American Journal of Clinical Nutrition, Vol 20, 528-542, Copyright © 1967 by The American Society for Clinical Nutrition, Inc.

Biochemical Alterations in Thiamine Deficiency—Their Interpretation

¹ From U.S. Army Medical Research and Nutrition Laboratory, Fitzsimons General Hospital, Denver, Colorado

In evaluating thiamine nutritional states, it would appear justified to determine, whenever feasible, not only thiamine excretion in the urine, but also erythrocyte transketolase activity. Determination of an appropriate thiamine-dependent enzyme system reflects the metabolism of the vitamin at the cellular and molecular level. Urinary thiamine levels can provide information as to the adequacy of the dietary intakes, but do not necessarily evaluate accurately a marginal deficiency. Determinatons for pyruvic acid and other metabolites in blood or urine can provide evidence of a thiamine insufficiency, particularly when clinical signs are evident. Determinations of free thiamine in plasma do not necessarily reflect a direct relationship to the level in the blood and tissues. Erythrocyte or leukocyte thiamine values apparently show a more direct relationship to tissue content. It is for this reason that erythrocyte transketolase activity appears to provide information as to tissue reserves of thiamine and reflects a direct functional evaluation at the cellular level. Consequently, the transketolase activity assay makes it possible to differentiate with reasonable accuracy between hypovitaminosis and a sufficient thiamine intake, as well as between hypovitaminosis and avitaminosis thiamine.

Biochemical changes may precede clinical manifestations of a disease situation. Such changes may have prognostic value. Other biochemical changes, such as lowered urine or plasma levels of thiamine may indicate only low nutrient intakes and not reflect any metabolic abnormalities. However, plasma or urine thiamine levels of a certain critical level, if continued without increased dietary intakes and concomitant plasma or urinary increases, would lead to metabolic abnormalities detected by other biochemical means. Clinical manifestations may still not occur at this state of the deficiency. In other instances, biochemical changes occur simultaneously with clinical manifestations. Such tests perhaps could be improved in sensitivity in order to detect earlier existence of deficiency alterations. However, even so, such tests can corroborate a tentative clinical diagnosis.

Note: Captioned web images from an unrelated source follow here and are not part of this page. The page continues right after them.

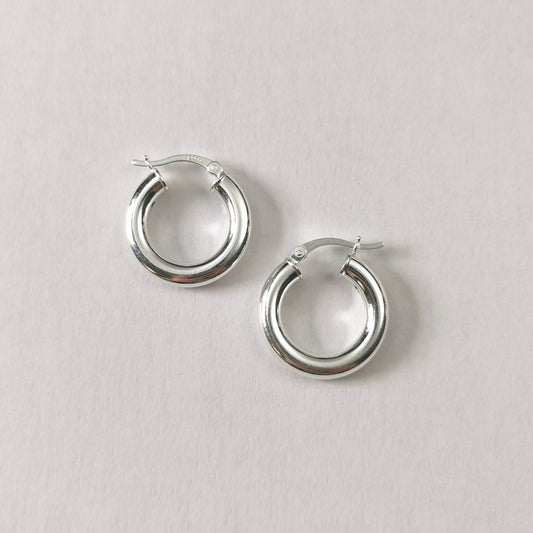 New Sterling Silver Small Chubby Tube Hoops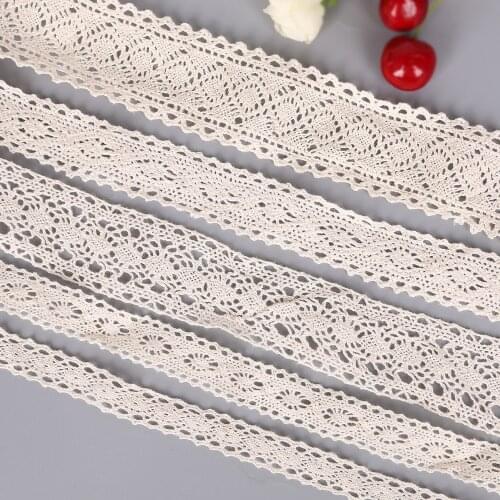 5 yard/lot Ivory Color Cotton Ribbon Crocheted Lace Trim Fabric For Patchwork Craft Handmade DIY Craft Accessories
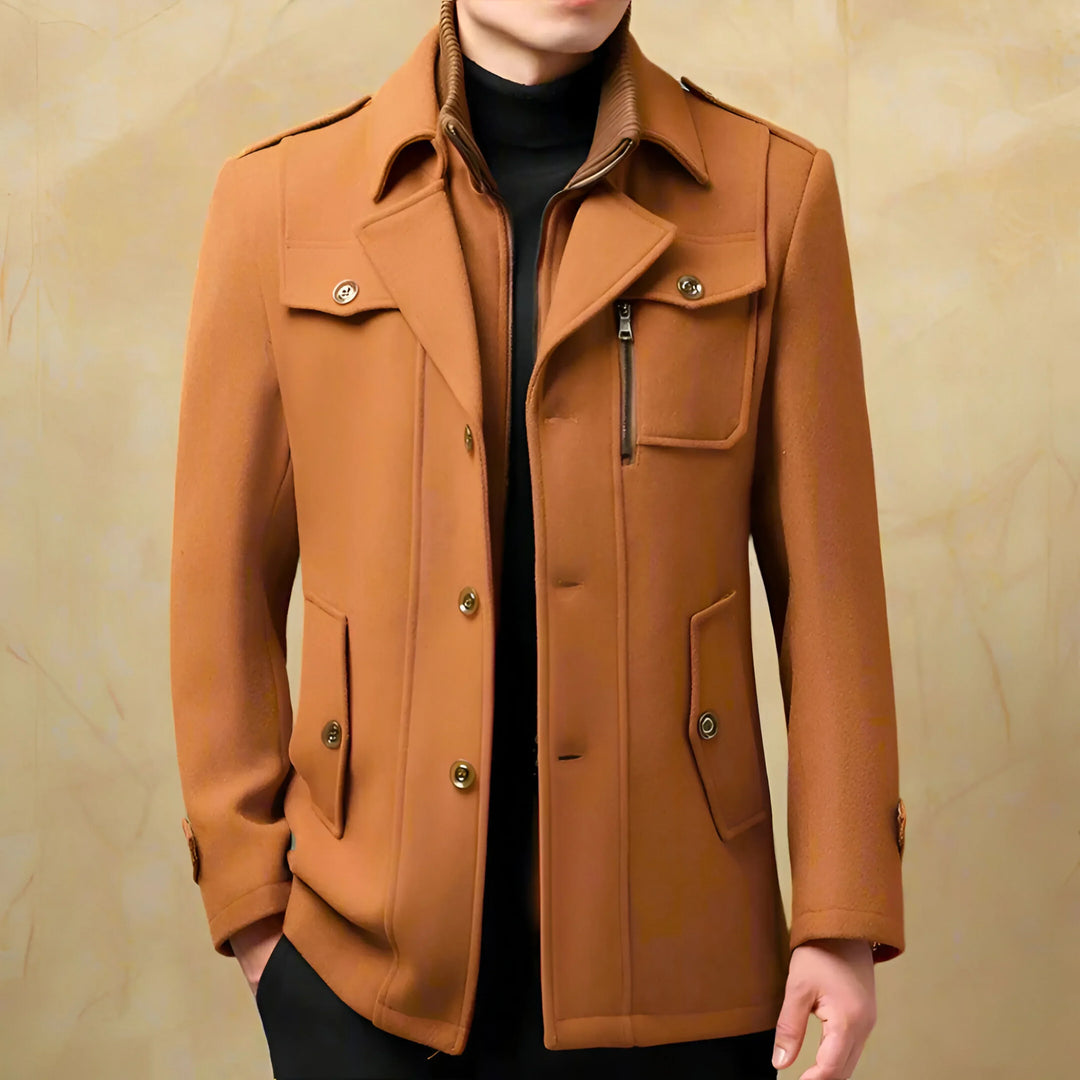 Victor | Double Collar Wool Coat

Not all biochemical tests that may be developed for the clinical laboratory can be used for nutritional survey work, for numerous reasons, including technical, physical, and economical. Nevertheless, an attempt should be made to devise methods that may receive as broad an application and use as possible. Undoubtedly, the transketolase activity assay procedure could be developed into a more routine test with further study. In certain instances, particularly where endemic vitamin B₁ deficiency occurs, physical performance and mental performance evaluations need to be incorporated into the biochemical tests in an attempt to enhance the sensitivity and specificity of the methods. Early detection by biochemical means appears essential in infantile beriberi in order to employ corrective measures before death ensues.